How to reverse the $n$ choose $k$ formula?

If I want to find how many possible ways there are to choose k out of n elements I know you can use the simple formula below:

$$ \binom{n}{k} = \frac{n! }{ k!(n-k)! } .$$

What if I want to go the other way around though?

That is, I know I want to have $X$ possible combinations, and I want to find all the various pairs of $n$ and $k$ that will give me that number of combinations.

For example, if the number of combinations I want is $3$, I want a formula/method to find that all the pairs that will result in that number of combinations are $(3,1)$ and $(3,2)$

I know I could test all the possible pairs, but this would be impractical for large numbers.

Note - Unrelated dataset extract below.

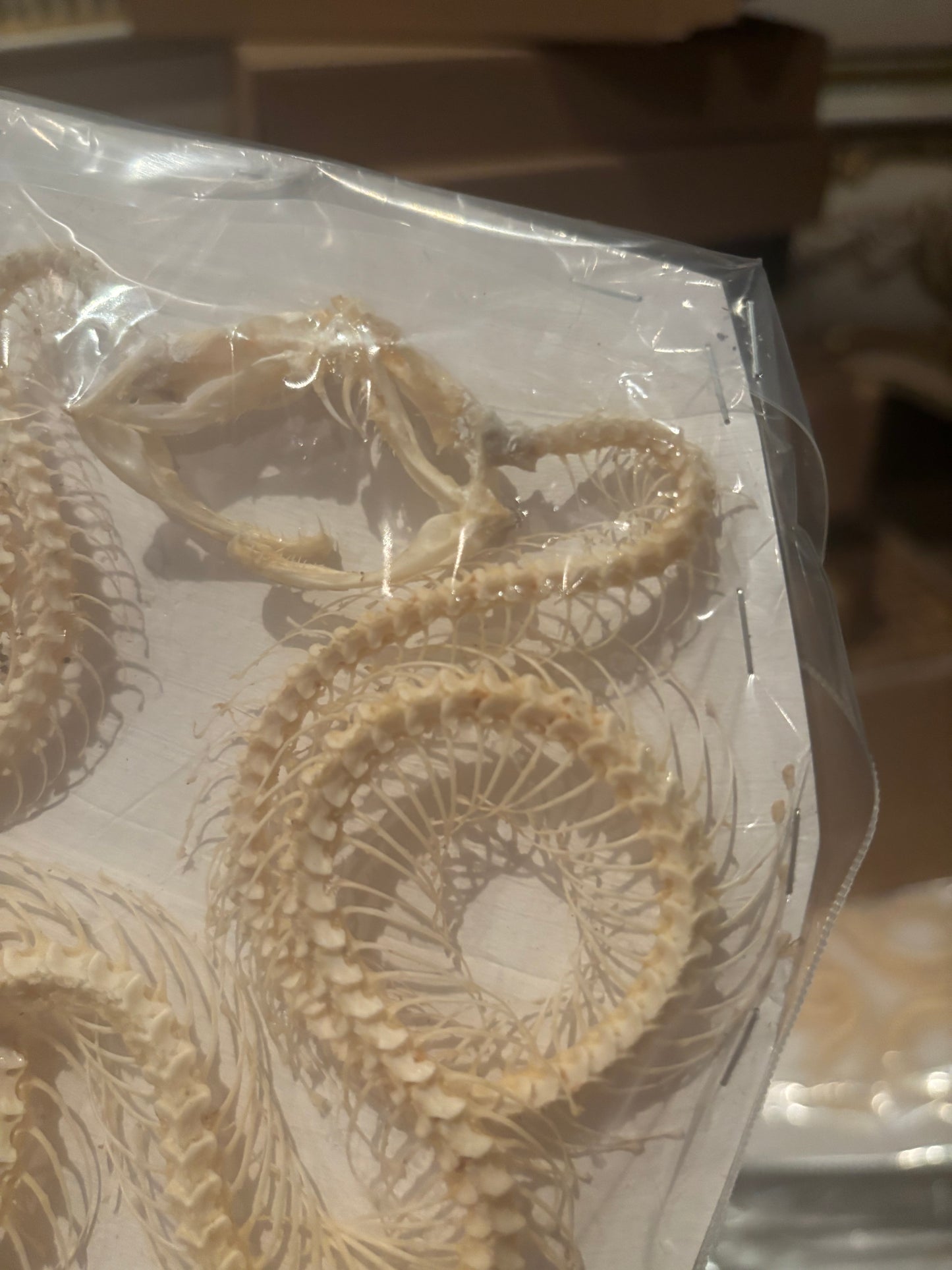 A- DOUBLE White-lipped Pit Viper Snake Skeleton-Trimeresurus albolabris specimen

But perhaps there’s no easier way of doing this then the brute force approach?

Answer

If $X$ is only as large as $10^7$ then this is straightforward to do with computer assistance. First note the elementary inequalities
$$\frac{n^k}{k!} \ge {n \choose k} \ge \frac{(n-k)^k}{k!}$$

which are close to tight when $k$ is small. If $X = {n \choose k}$, then it follows that
$$n \ge \sqrt[k]{k! X} \ge n-k$$

hence that
$$\sqrt[k]{k! X} + k \ge n \ge \sqrt[k]{k! X}$$

so for fixed $k$ you only have to check at most $k+1$ possible values of $n$, which is manageable when $k$ is small. You can speed up this process by factoring $X$ if you want and applying Kummer’s theorem (the first bullet point in that section of the article), but computing binomial coefficients for $k$ small is straightforward so this probably isn’t necessary.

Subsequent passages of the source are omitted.